(Dataset items)
====
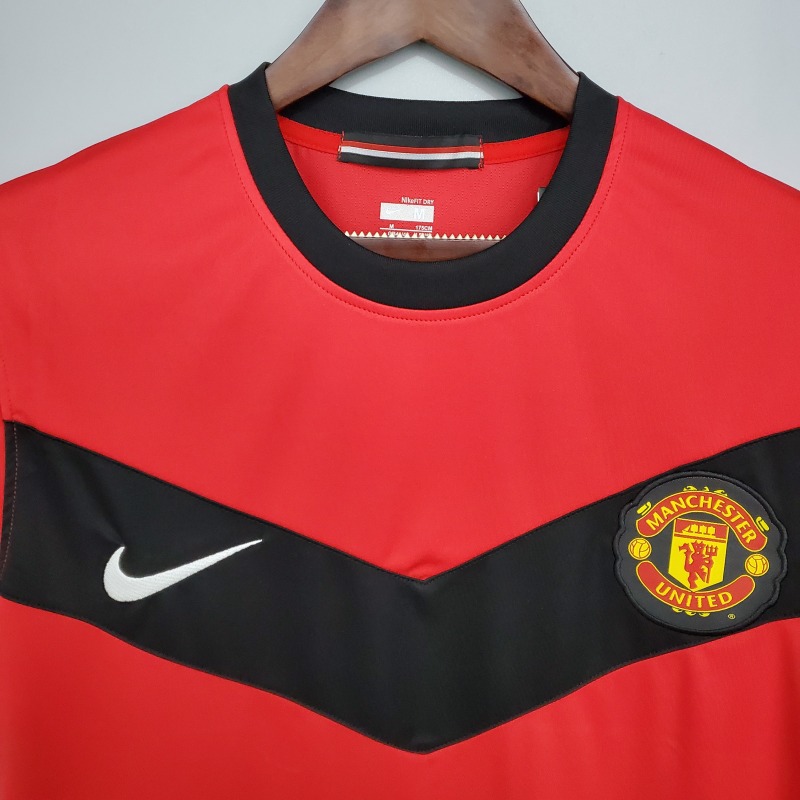 2009-2010 home Retro Manchester United Soccer Jerseys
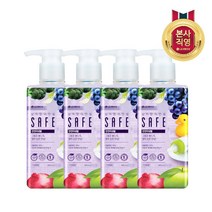 LG 생활건강 세이프 주방세제 천연미네랄 385ml x 4개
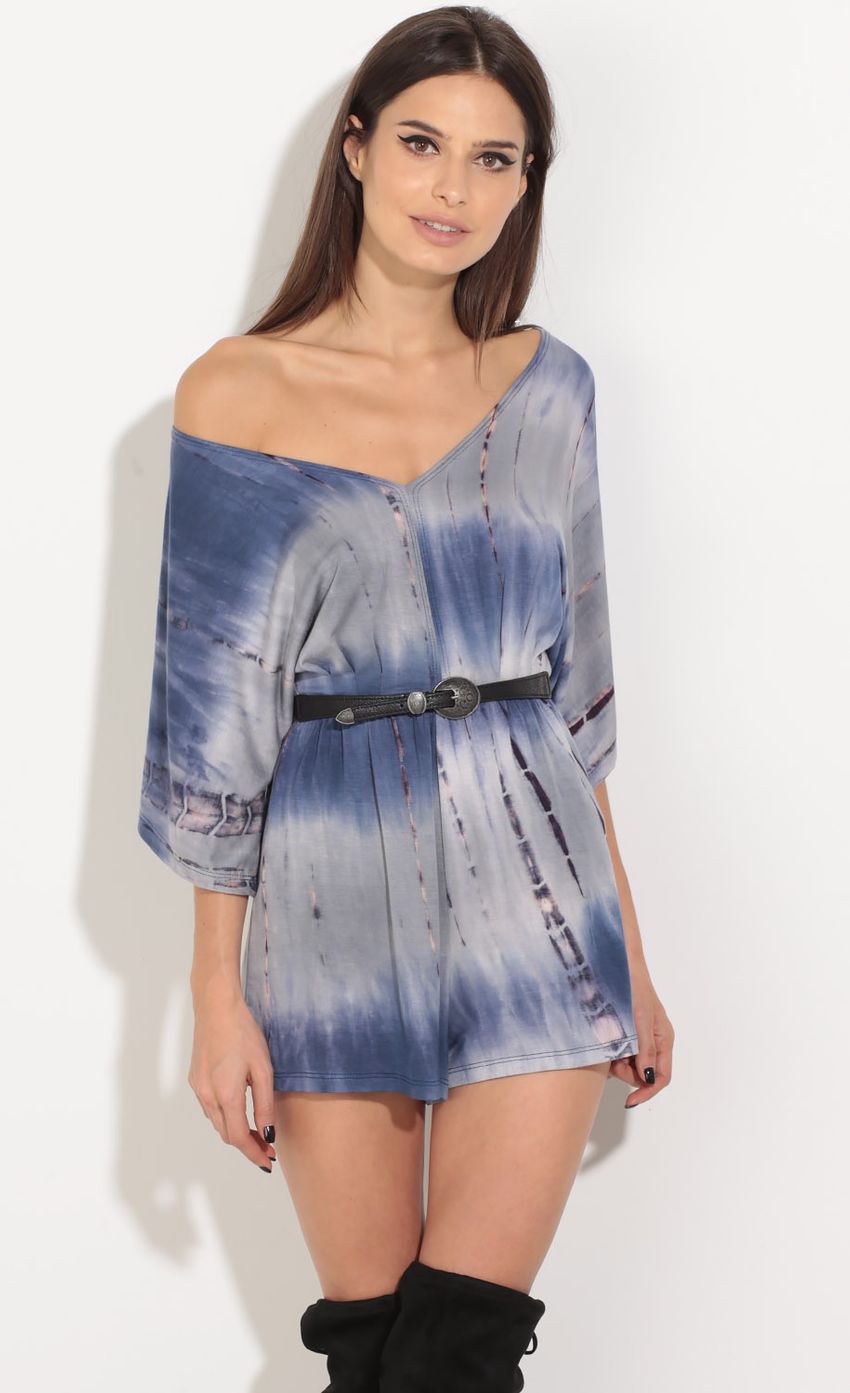 Picture Tie-Dye Romper In Blue And Grey. Source: https://media-img.lucyinthesky.com/data/Jul16_2/850xAUTO/0Y5A3978.JPG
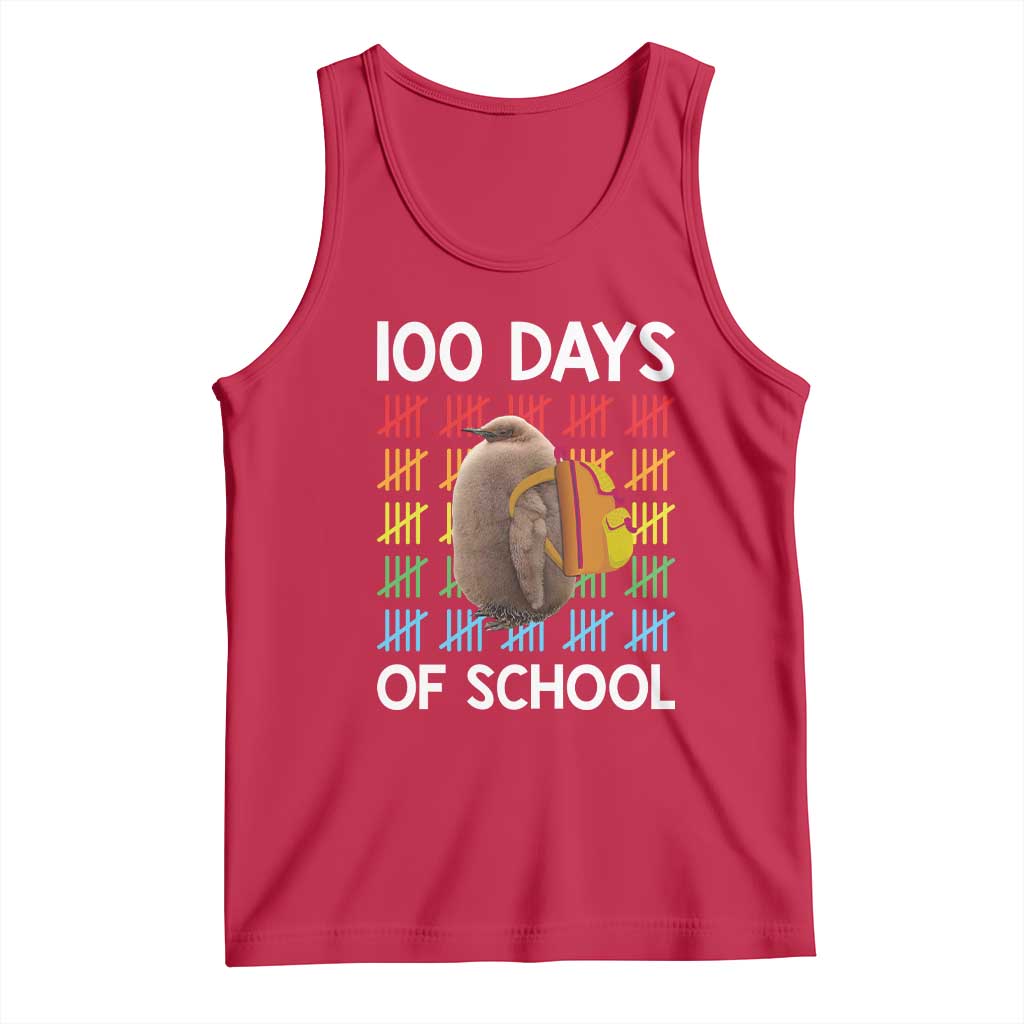 Funny Pesto 100 Days Of School Tank Top TS09 Red Print Your Wear
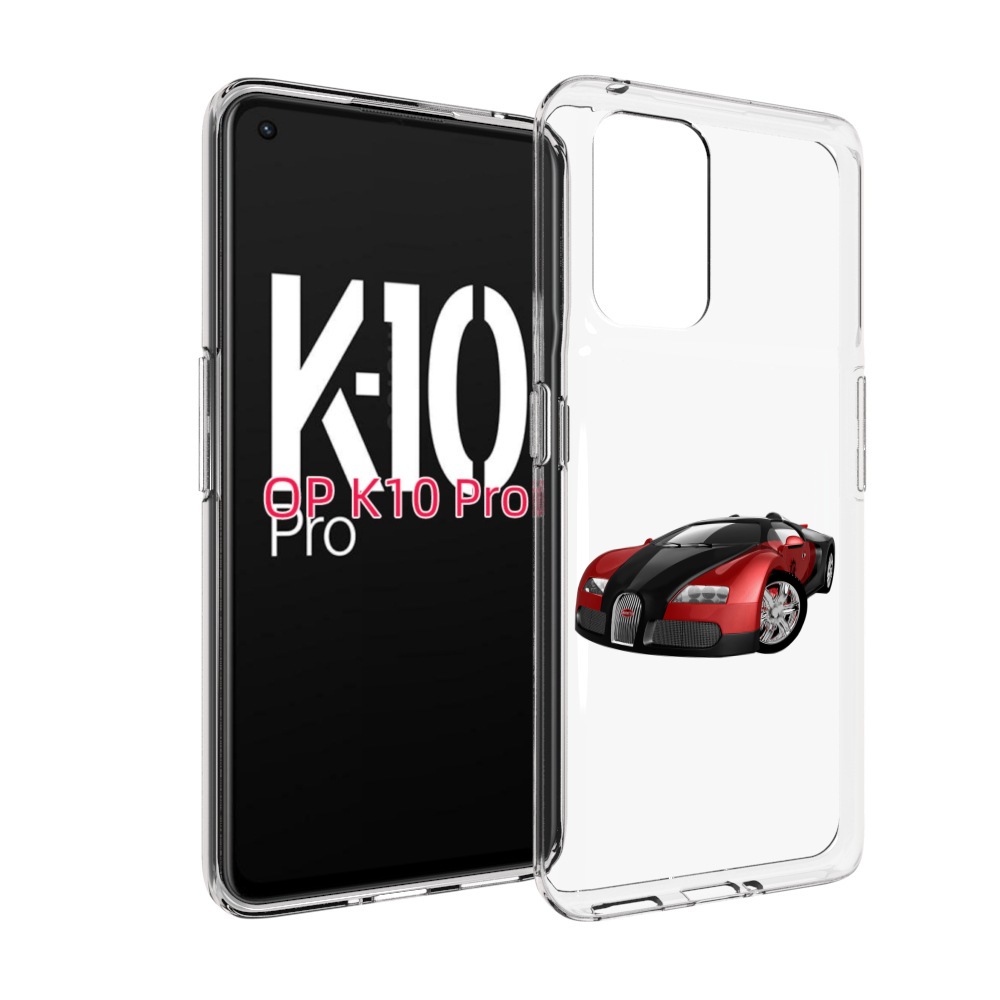 

Чехол MyPads Бука мужской для OPPO K10 Pro, Прозрачный, Tocco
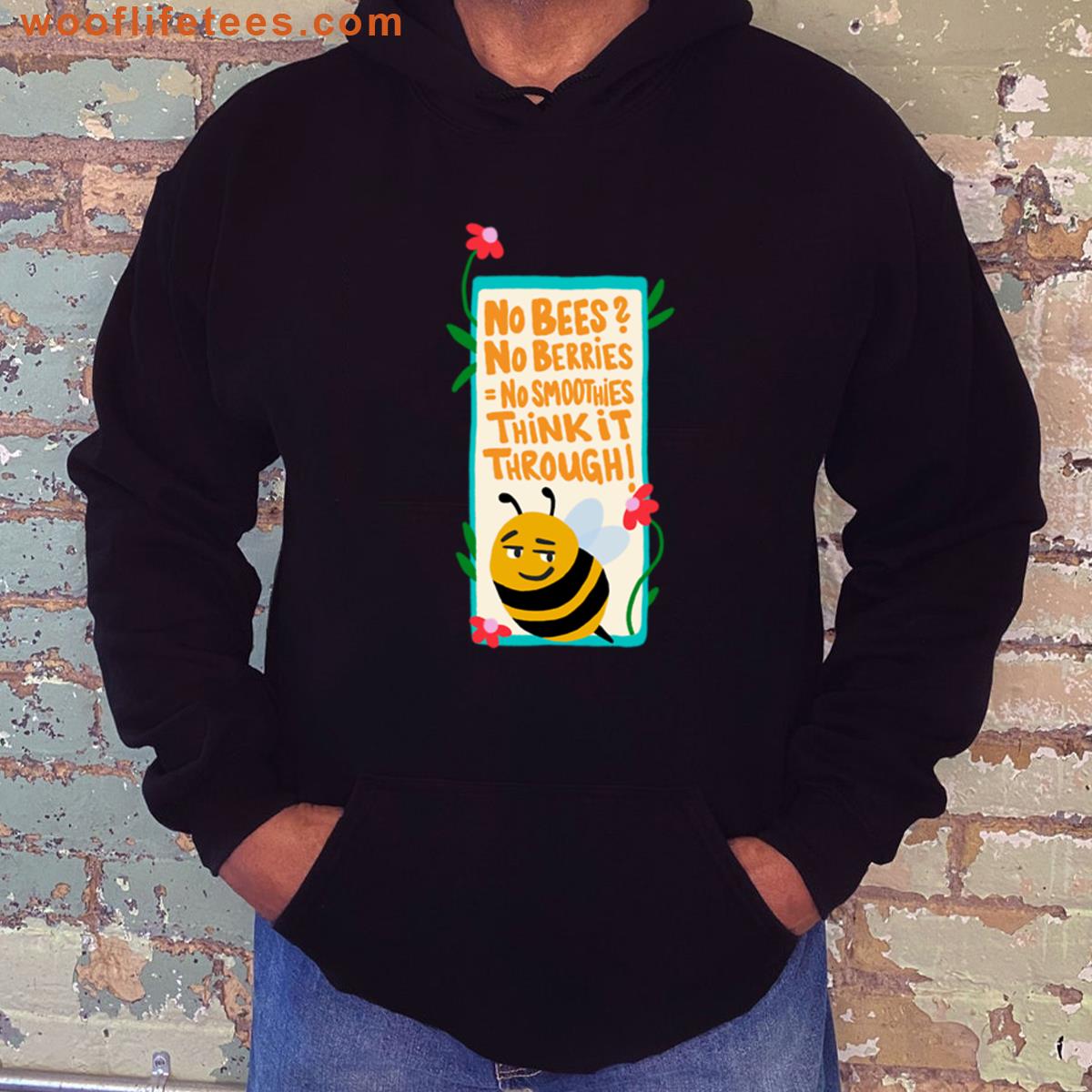 Sassy Bees Smoothie Design T-shirt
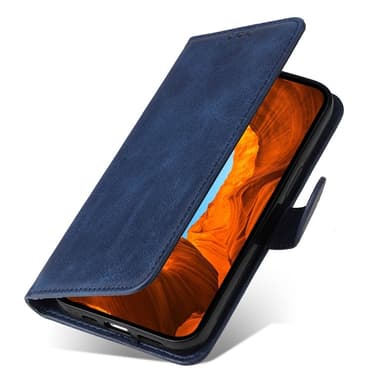 SKALO Motorola Moto G75 5G PU-læder Flip Cover - Blå
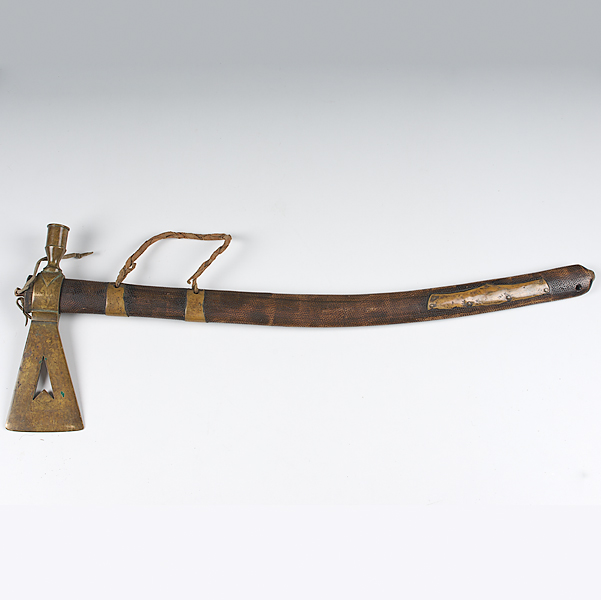 Plains-Style Pipe Tomahawk reproduction.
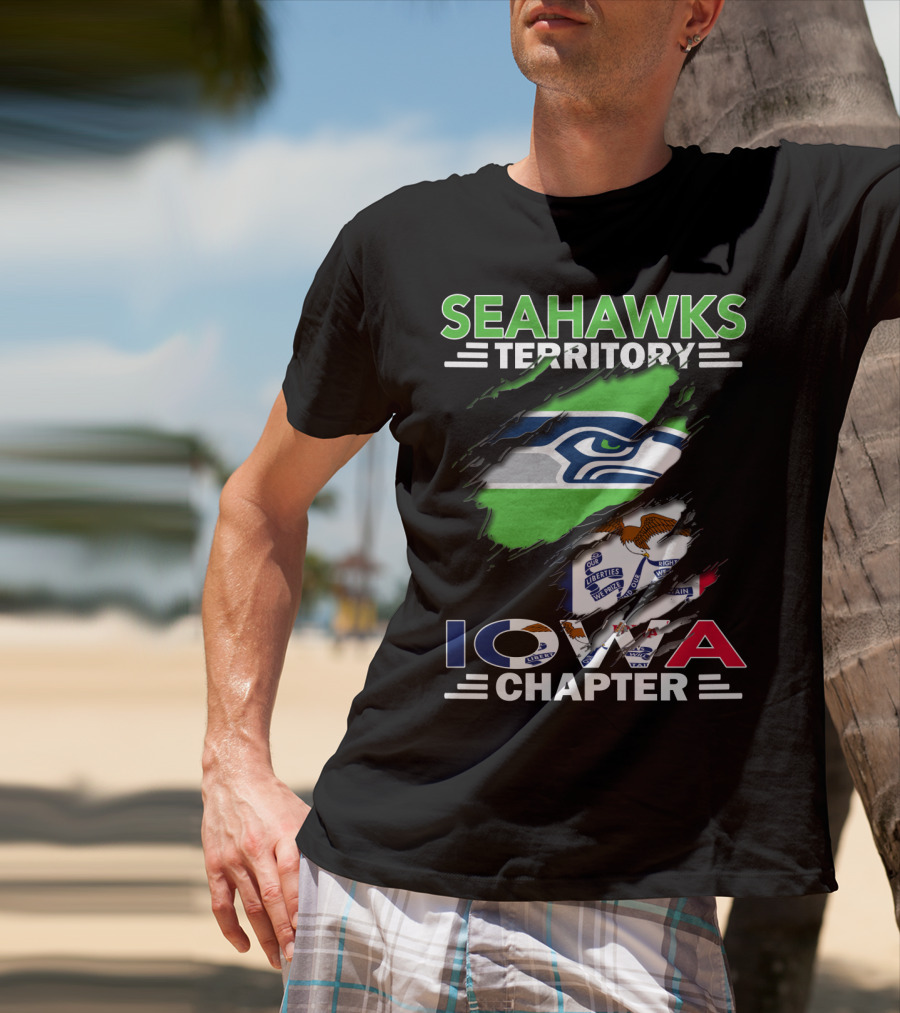 Seahawks Territory Iowa Chapter Flag T-Shirt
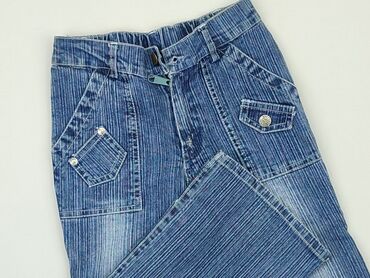 spodnie jeansy szare: Spodnie jeansowe, 5-6 lat, 110/116, stan - Zadowalający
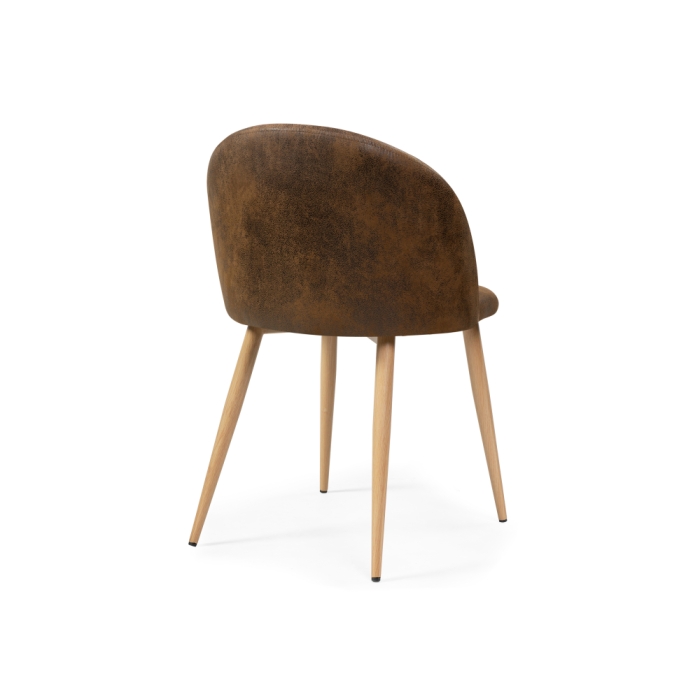 Стул на металлокаркасе Aldo dark brown / wood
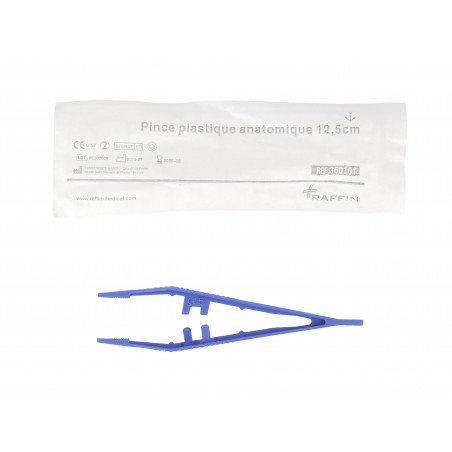 Pince plastique anatomique 12,5 cm - unitaire - Raffin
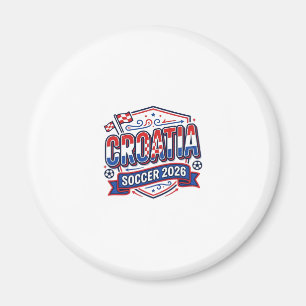 Aimant Croatie Football 2026 Football Gras Typographie Pa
====
## WHAT IS REQUIRED
Nothing but the lines above, starting at the line that contains "LG 생활건강 세이프 주방세제 천연미네랄 385ml x 4개" and ending at the line that contains "Pince plastique anatomique", should be given again, exactly and without the pictures.

## REPLY TO THE EXERCISE
 LG 생활건강 세이프 주방세제 천연미네랄 385ml x 4개
 Picture Tie-Dye Romper In Blue And Grey. Source: https://media-img.lucyinthesky.com/data/Jul16_2/850xAUTO/0Y5A3978.JPG
 Funny Pesto 100 Days Of School Tank Top TS09 Red Print Your Wear

Чехол MyPads Бука мужской для OPPO K10 Pro, Прозрачный, Tocco
 Sassy Bees Smoothie Design T-shirt
 SKALO Motorola Moto G75 5G PU-læder Flip Cover - Blå
 Plains-Style Pipe Tomahawk reproduction.
 Seahawks Territory Iowa Chapter Flag T-Shirt
 spodnie jeansy szare: Spodnie jeansowe, 5-6 lat, 110/116, stan - Zadowalający
 Стул на металлокаркасе Aldo dark brown / wood
 Pince plastique anatomique 12,5 cm - unitaire - Raffin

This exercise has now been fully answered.